Weird dreams last night, surreal and strange, filled with conversations with long gone friends, and with my Dad (deceased, for many years now). It all seemed very real at the time. I woke feeling disoriented and somehow misplaced.

The drive to the trailhead was quiet and uneventful. No traffic at all, this morning, which is eerie enough on its own, but with the freezing stillness of winter and the fog, it was very spooky. The world looked as if it was being rendered immediately in front of me as I approached, and erased behind me. The morning is dark and cold, properly wintry, frost sparkling under street lights, and the temperature only 30°F (about -1°C?). Nothing looks icy, just frosty, but the highway feels different around the curves and on the bridges and overpasses. I take my time and drive with care. There is no rush. It’s Sunday.

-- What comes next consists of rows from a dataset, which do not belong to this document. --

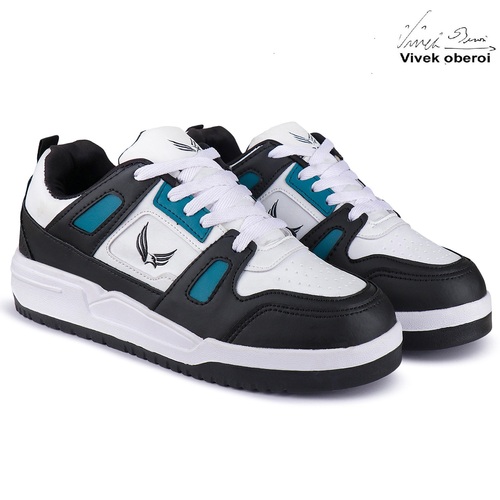 premium Sports ,Gym, tranding Stylish Running shoes (9165)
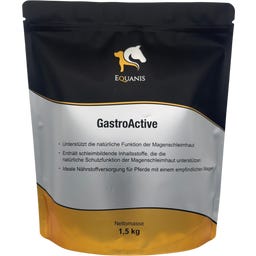 Equanis GastroActive - 1,50 kg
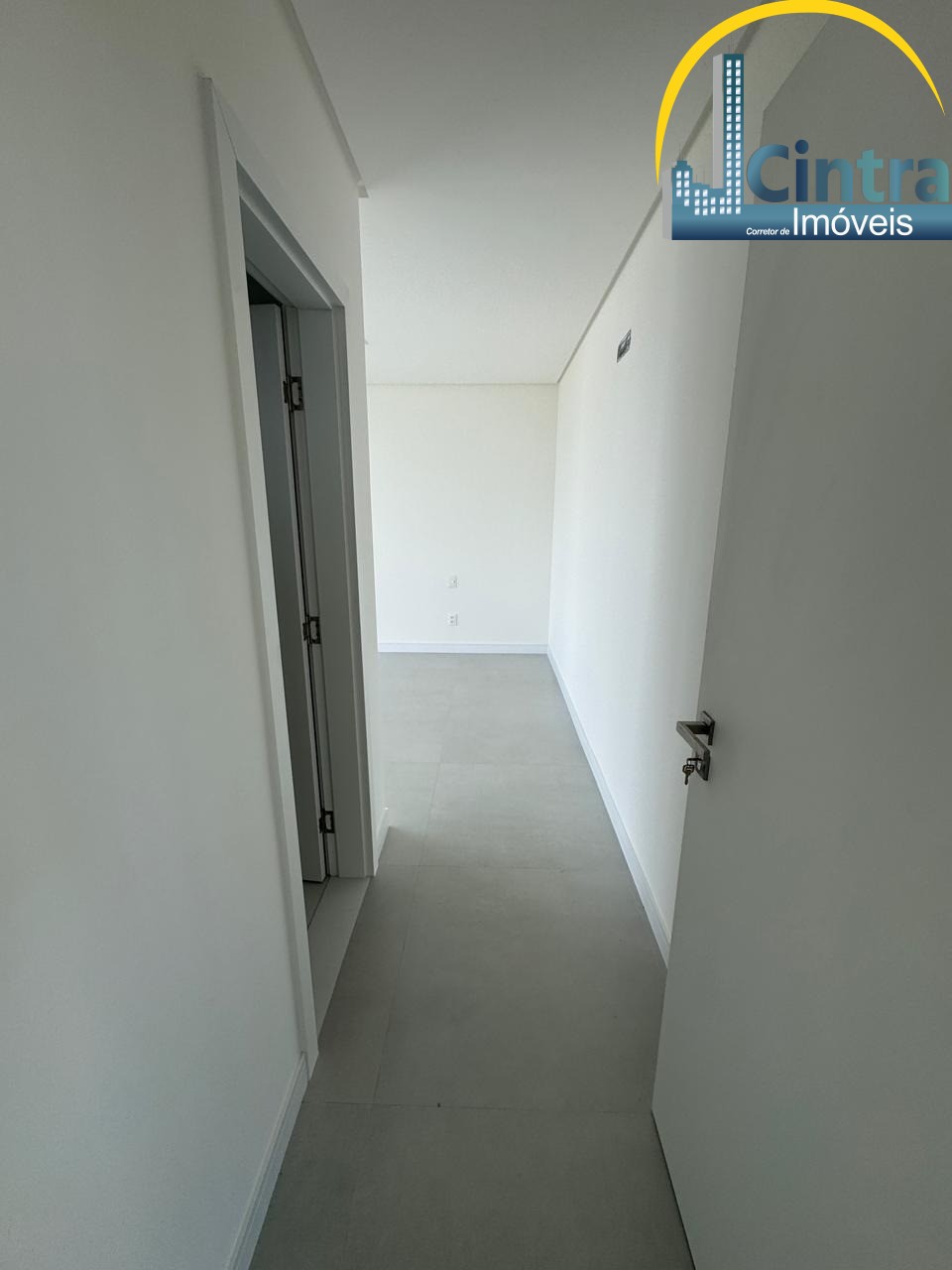 Casa de Condomínio, 4 quartos - Foto 18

The parking lot at the nature park is empty. No surprise there, I suppose; there aren’t many people who enjoy a walk in this cold so early in the morning. Same with me. I’m not here, now, preparing to walk because I have a fondness for walking in the dark on a freezing winter morning! It just happens that I wake quite early, and this is the timing that has developed over years of practice. I wake and begin my day with a walk, generally. Exceptions are rare. What I do enjoy greatly, even on a freezing morning (and  much of the point of this practice is about this characteristic), is the solitude. Time alone with my thoughts is precious.

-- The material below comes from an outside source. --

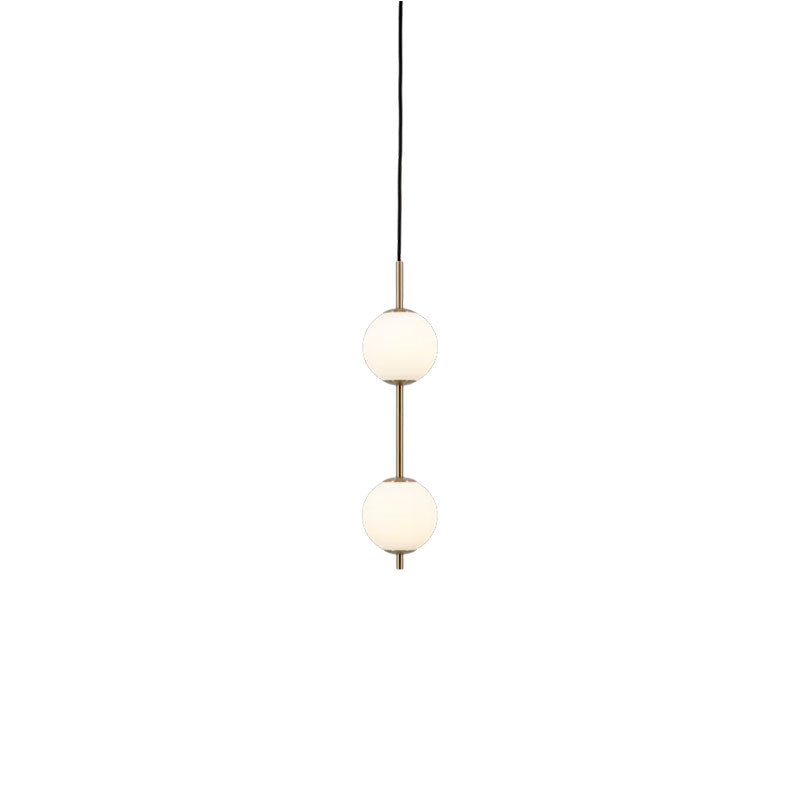 Audrey - Pendant Lamp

Before dawn, with a longer exposure; the picture is not the reality.

A hint of daybreak coming is evident in a subtle change in visibility. The sky seems faintly lighter, the silhouettes of the trees darker and more clearly outlined against the sky. Details of my surroundings are becoming clearer. In the cold, I won’t be inclined to stop for long at my halfway point, and I won’t want to write with stiff cold hands. I take my time with it now, before I step out onto the trail.

My head aches. My tinnitus is loud. My arthritis is griefing me. My sinuses are congested with the lingering effects of having been ill. I could go on; being human can be messy, annoying, uncomfortable, and unpleasant. None of that shit is “the important stuff”, is it? Just distractions and obstacles on the path, right? Human. If I give in and let all the mundanities of pain and aging and illness command my attention completely, it tends to diminish the joy and beauty and wonder that are also very much part of this experience. Which has more value – watching daybreak unfold into a new day, or being vexed by pain? Where we focus our attention has a lot to do with the quality of our experience in a given moment. I sit with that thought as I watch the sky slowly change from night to day, content to enjoy this moment as it is.

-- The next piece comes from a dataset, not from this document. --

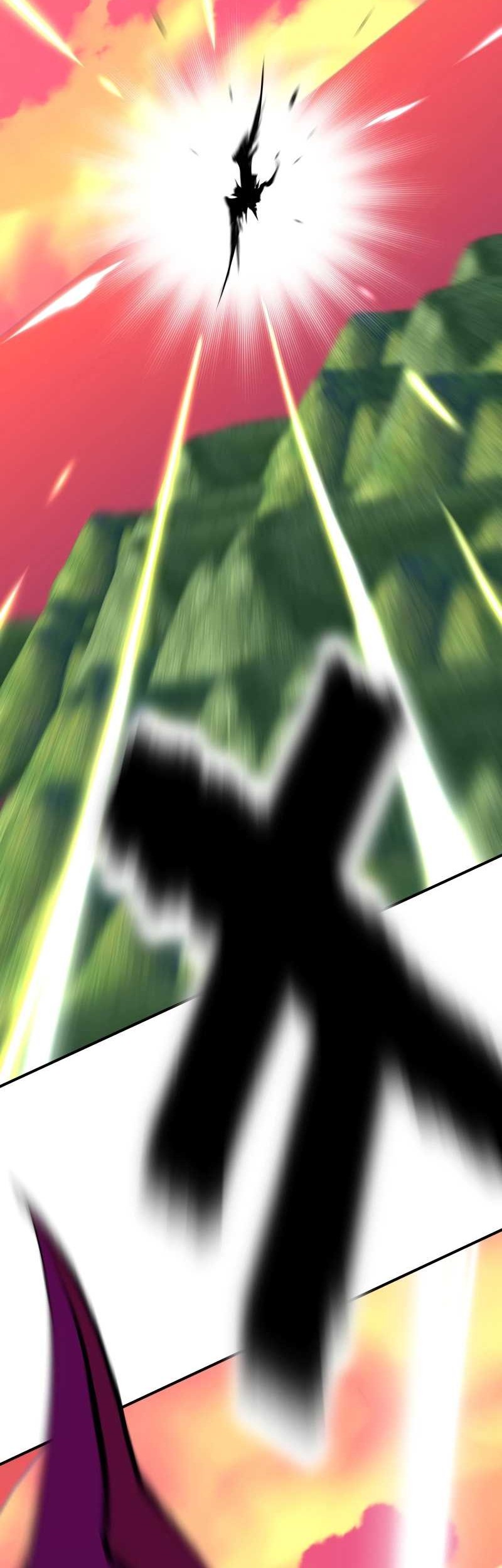 Ninpou Isekai Tensei – Fuuma Kotarou wa Isekai de Ningen wo Torimodosu Chapter 17 Gambar 7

I sigh quietly, thinking about 2025. It’s nearly over. There’s a whole new year queued up, ready for whatever we make of it. I have no “resolutions” or grand plans. I do have practices, and hopes for the future, and a handful of intentions I’d like to make good on. There are always verbs involved. My results reliably vary; this is a very human experience. I will do, and fail, and learn from my failures, and begin again. Sure, I’ll likely also succeed many times, and celebrate those successes, but I’m not likely to learn as much from them. (I hope to be appropriately grateful for the circumstances that are pleasant and comfortable. I hope to be gracious about help, and sufficiently self-aware to understand that I’m not “getting there” alone.)

We become what we practice. Choose wisely.

Dawn comes. Fog clings in the low places, obscuring the marsh trail and the meadow. It’s a bit warmer (35°F, now, about 1.5°C I think). Better for walking. I wrap my scarf around my neck, and pull my knit hat on. I look down the trail, feeling fortunate for this quiet solitary moment. It’s time to begin, again.